### Exercise brief
Write the lines below out exactly, dropping each picture.

*** Given material ***

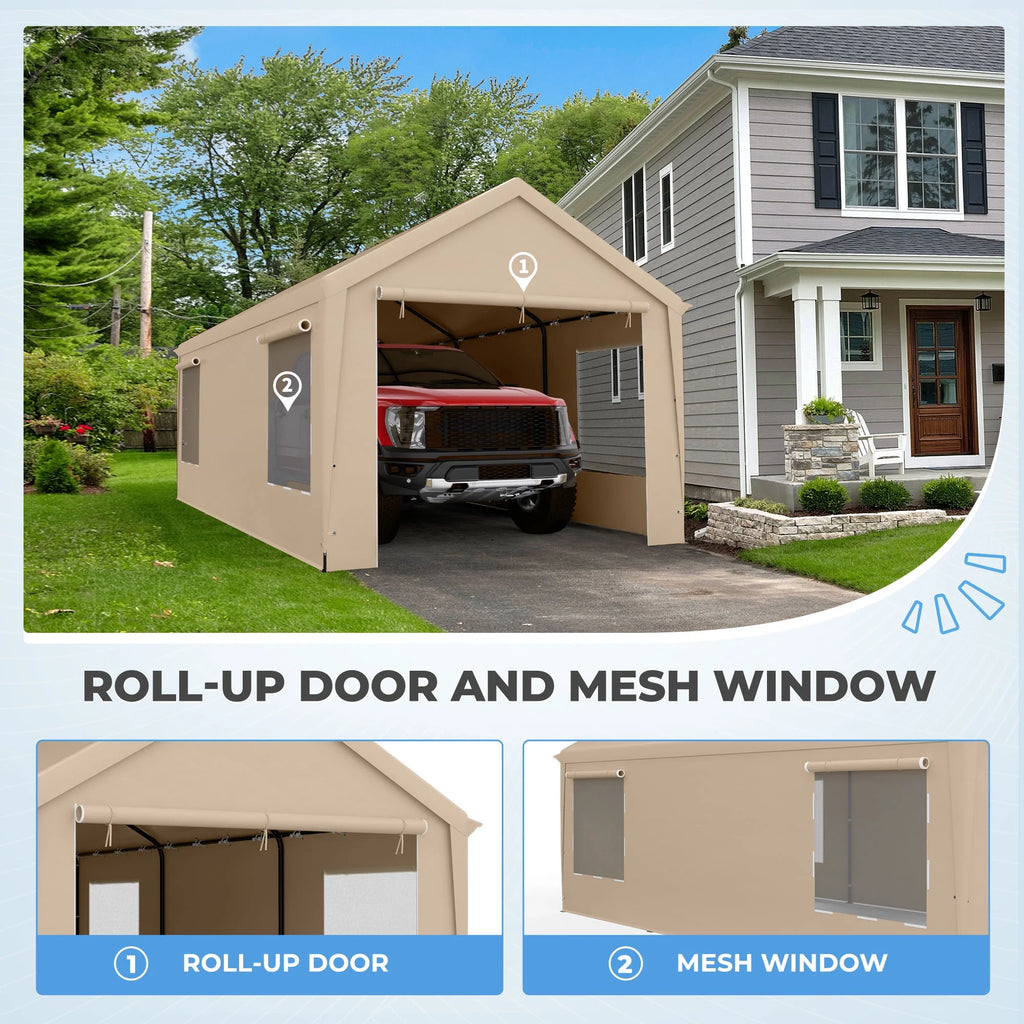 12 x 20 ft Heavy Duty Steel Carport Canopy with Window, Beige F9663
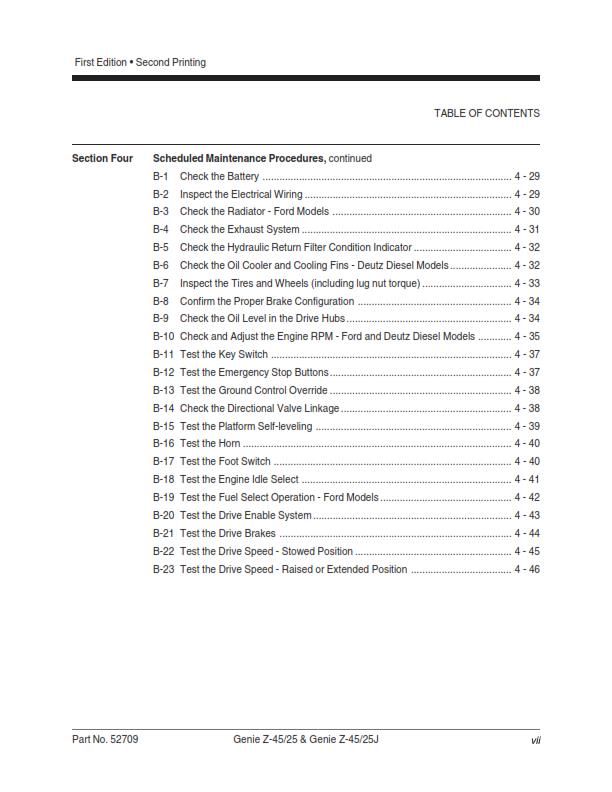 GENIE Z-45/25 Z-45/25J SERVICE WORKSHOP REPAIR MANUAL REPRINTED SEP 2000 EDITION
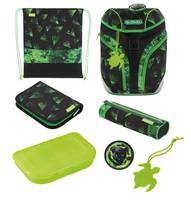 Herlitz SoftLight Plus Greenline Explorer, Brotdose, Federmäppchen, Pencil pouch, Schultasche, Sporttasche, Junge, Weite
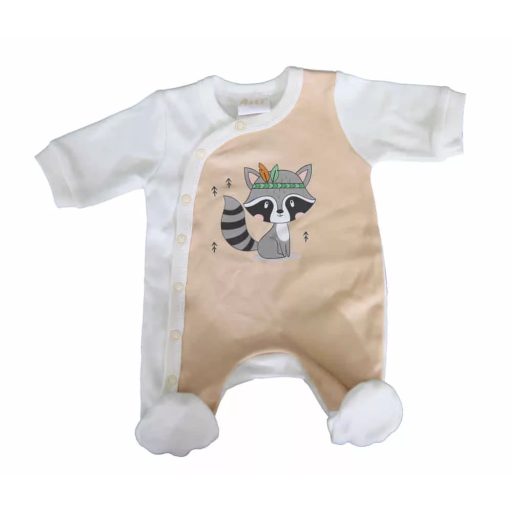 ABR Hosszú ujjú elől patentos pamut rugi - Bézs - Mosómaci (44)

*** End of Given material ***

### Exercise result
 12 x 20 ft Heavy Duty Steel Carport Canopy with Window, Beige F9663
 GENIE Z-45/25 Z-45/25J SERVICE WORKSHOP REPAIR MANUAL REPRINTED SEP 2000 EDITION
 Herlitz SoftLight Plus Greenline Explorer, Brotdose, Federmäppchen, Pencil pouch, Schultasche, Sporttasche, Junge, Weite
 ABR Hosszú ujjú elől patentos pamut rugi - Bézs - Mosómaci (44)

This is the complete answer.